Pre-Owned Versus Brand New
Let’s get the financial benefits out of the way first.
When a watch goes from being ‘new’ to being ‘pre-owned’, it inherently depreciates.
While that’s a bummer for the first owner, it’s good news for the savvy collector, who can let the other guy take that initial financial hit before buying the watch for a fraction of its original price. It means a wider world of more exotic pieces is open to you than would otherwise be possible if you had your heart set on only buying brand new.
Also, unlike cars, which (with a few ultra rare exceptions), drop off a fiscal cliff and just keep dropping, fine watches will generally lose a certain amount of their value and then level off. Buying pre-owned, when the worst of the depreciation has been shouldered by someone else, means there’s much less of a sting if you decide you want to sell your watch on again in the future.

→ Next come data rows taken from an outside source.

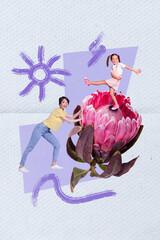 Creative postcard collage mother day holiday family little schoolgirl daughter dancing celebrate push fresh flower isolated on blue background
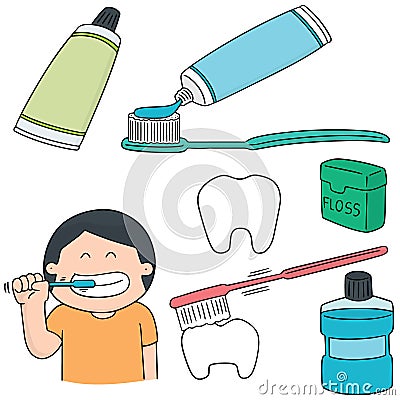 Vector set of oral care Vector Illustration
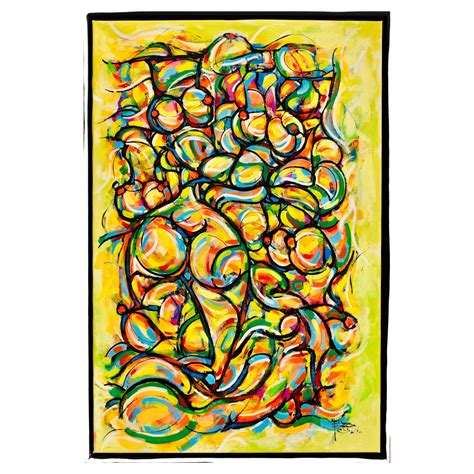 Modern Pair Chinese Zhu Zhechi Zhu Zhe Chi Acrylic Canvas Nude Females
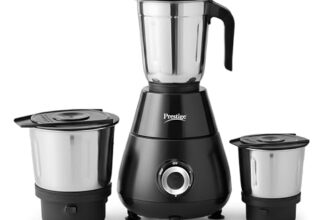 Prestige Apex 500 Watt Mixer Grinder with 3 Stainless Steel Jars | Super Efficient SS Blades | Black | 2Y Warranty | ISI Certified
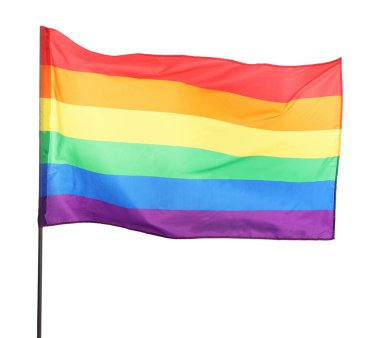 Beyaz üzerine izole edilmiş parlak gökkuşağı LGBT bayrağı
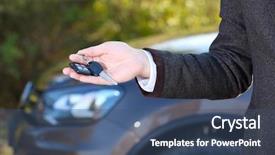  Presentation with car key - Presentation theme featuring male hand with car key background and a ocean colored foreground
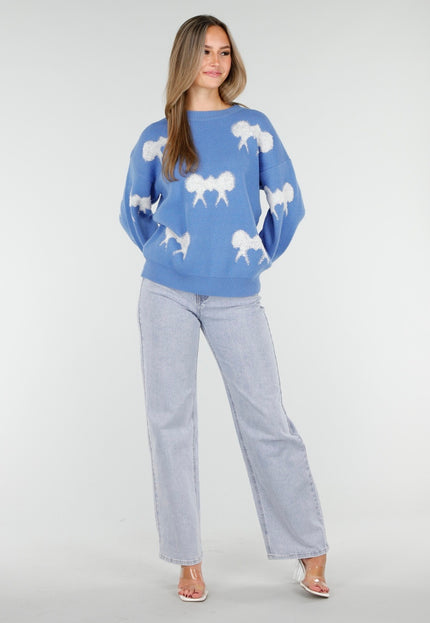 OP=OP.AV.10 Blauwe Trui met Witte Strikpatronen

Depending on a number of factors, such as rarity or the desirability of the brand, you could even find you’re selling the piece for more than shelled out on it.
Another great reason for opting to go the pre-owned route is there’s a much stronger chance of you ending up with a watch that no one else has. Various models drop out of production at different times, and the piece you’ve coveted for years might no longer be available as a brand new buy. The second-hand market then becomes the only place you’re going to find your favourite watch, and the extra effort it takes to track it down, plus the shortage of supply, makes it more unlikely you’ll meet anyone with a matching wrist.
What To Look Out For
As with anything involving high-value items, the soaring popularity of the pre-owned watch market has brought with it a soaring reputation for fakes, scams and various shady carryings-on. Where there’s profit to be made, you can be assured that the less reputable element won’t be far behind.
Just as you wouldn’t (we hope!) buy a car or house without first doing a significant amount of research, it’s vital you approach the process of buying a pre-owned watch cautiously.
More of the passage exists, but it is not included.